For Tesla, arguably the biggest proponent of electric cars in the world, dependence on Panasonic for its battery needs was a chink in its armor that it has longed to rectify. Tesla’s relationship with Panasonic continued to strain over the years as the Japanese technology company with its austere business practices could not adapt to the brash business decisions that Musk was infamous for. 

Musk had vented about the apparent disconnect during one of the investor meetings in January 2019, mentioning that Tesla was “cell-starved for vehicle production.” Panasonic, operating production lines in Tesla’s Nevada Gigafactory, could not supply batteries at the rate that Musk expected them to, slowing down vehicle production output. 
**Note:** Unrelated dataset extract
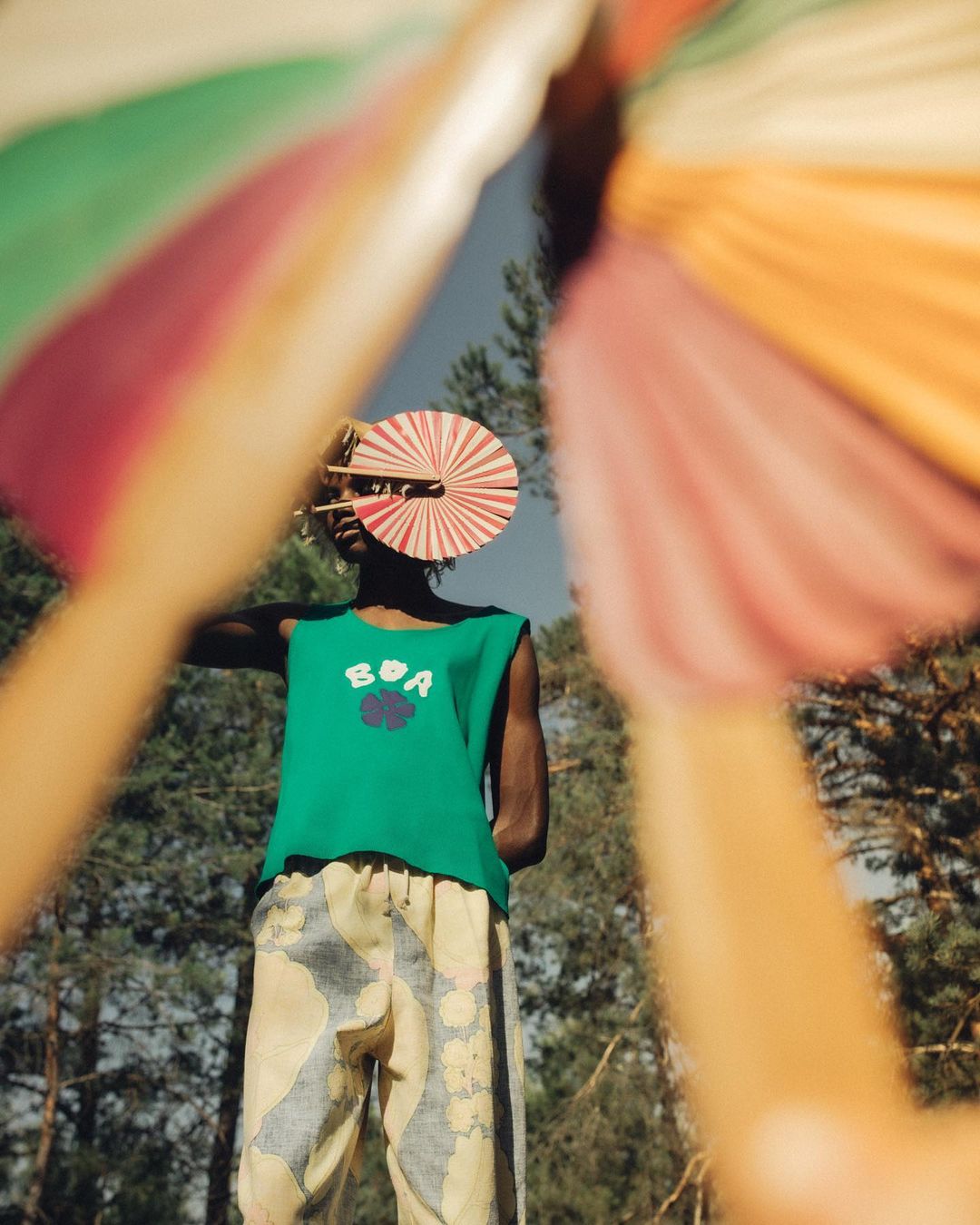 BaeMa T BoA |  Aug. 22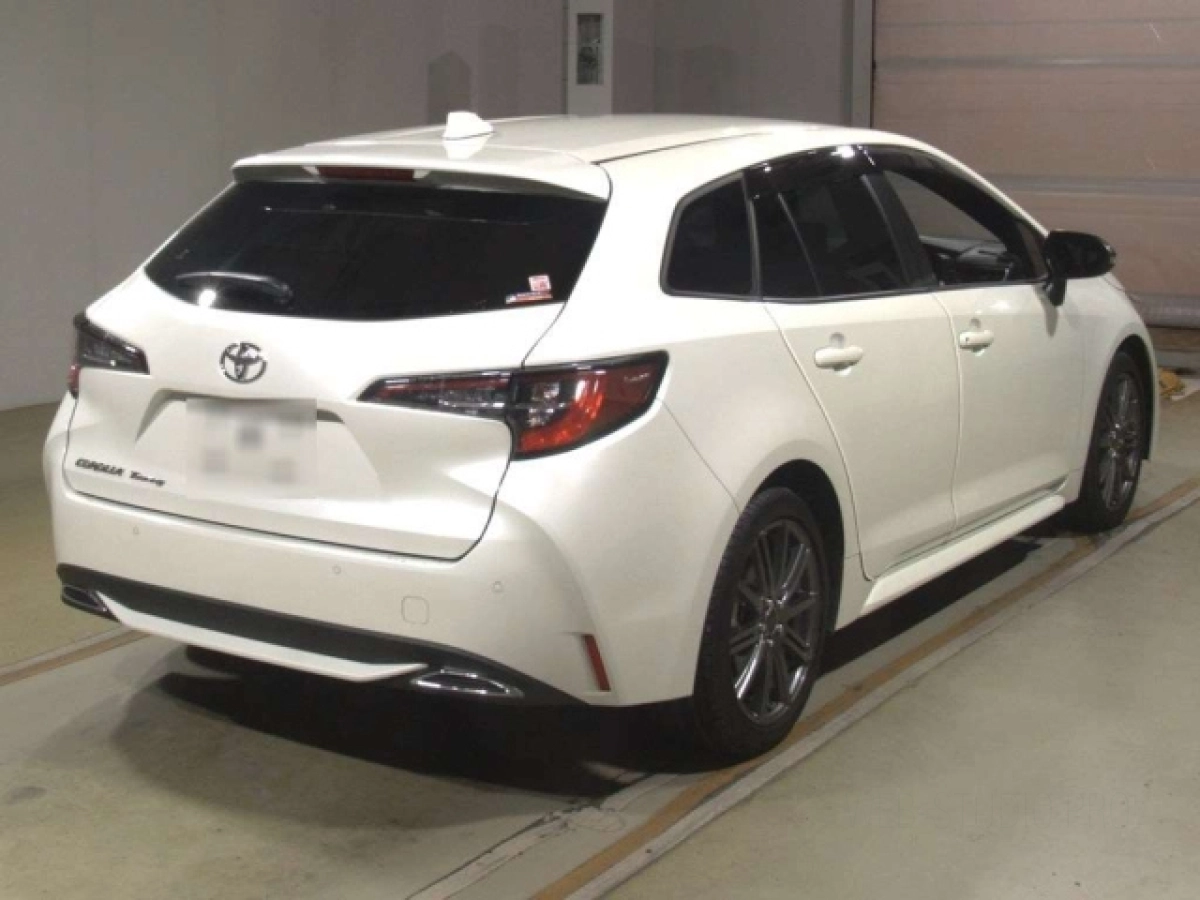 TOYOTA COROLLA TOURING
Although Musk has maintained that the relationship with Panasonic had not broken down, Tesla’s ambitious acquisitions did paint a different picture. That said, Tesla did attempt to develop its own batteries several years before the launch of Model S but ended up discarding the project as it proved too expensive. 
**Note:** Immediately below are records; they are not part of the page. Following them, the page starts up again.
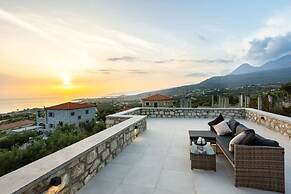 Mani Stone Villa A Paradise of Panoramic Views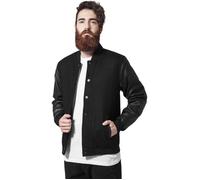Blouson Teddy URBAN CLASSICS Noir Laine 5XL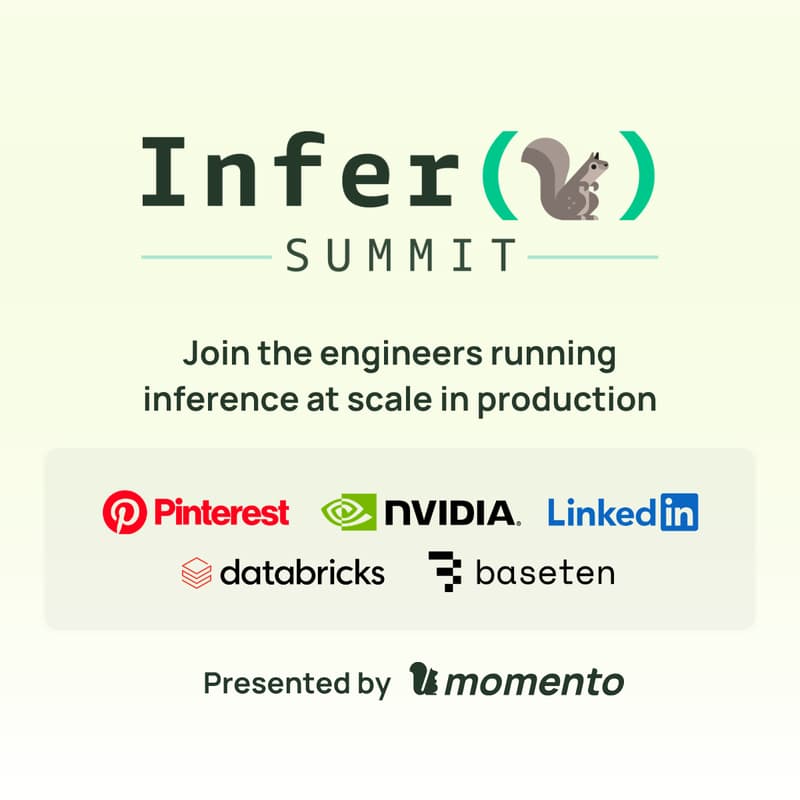 Cover Image for Infer( ) Summit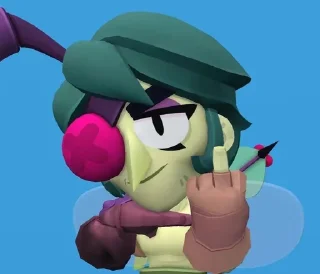 Sticker from @.zzargo сигма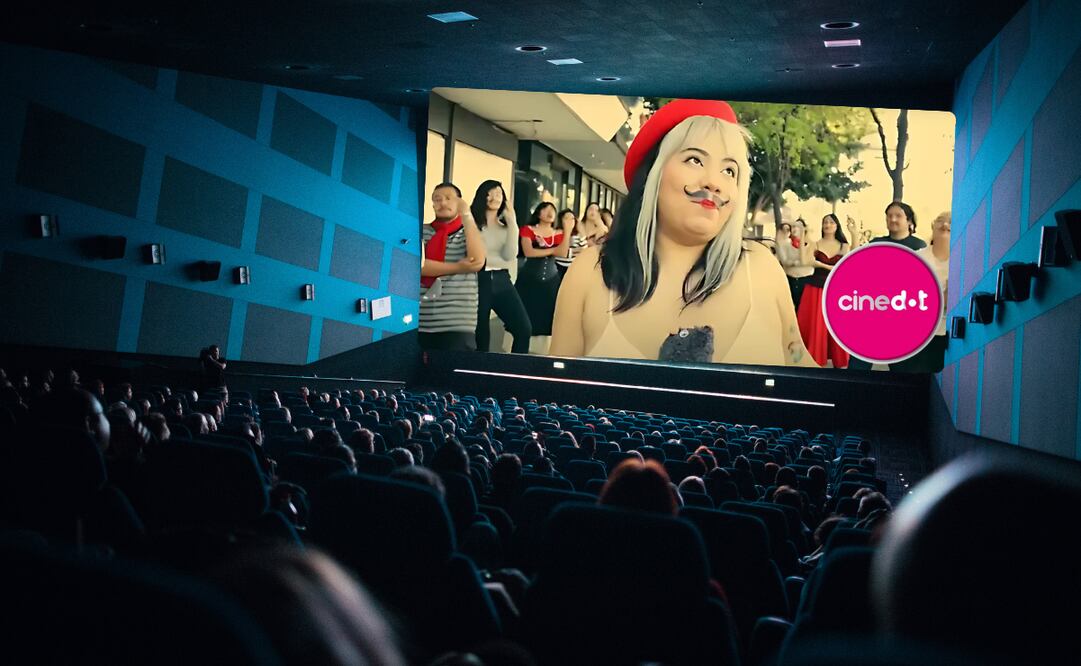 El cortometraje "Johanne Sacreblu", una parodia de "Emilia Pérez" que ha causado sensación en redes sociales, está listo para dar un paso más grande.
Foto: El Universal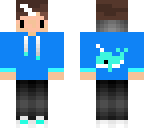 blue narwhal boiii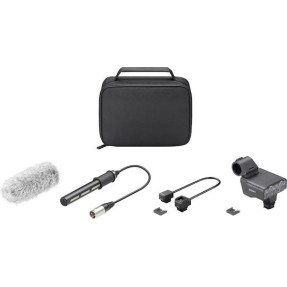 Sony XLR-K3M Μικρόφωνο Shock Mounted για Κάμερα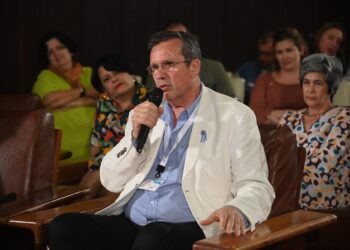 Foto: Presidencia de Cuba.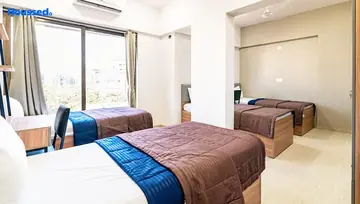 Sample Apartment of Girls & Boys PG/Hostel in Union Living Terra Vile Parle West, Mumbai - Image 308031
However, with renewed vigor and the newly made acquisitions under its belt, Tesla might finally have the resources to succeed in closing the loop on its vehicle production. Success at the pilot battery production line at Fremont would inevitably lead Tesla to announce its transition from being an assembler of electric batteries to producing them en masse on its own. Apart from increasing control over its vehicle production, it also would lead to a decrease in unit costs — possibly reducing on-road prices of Tesla vehicles.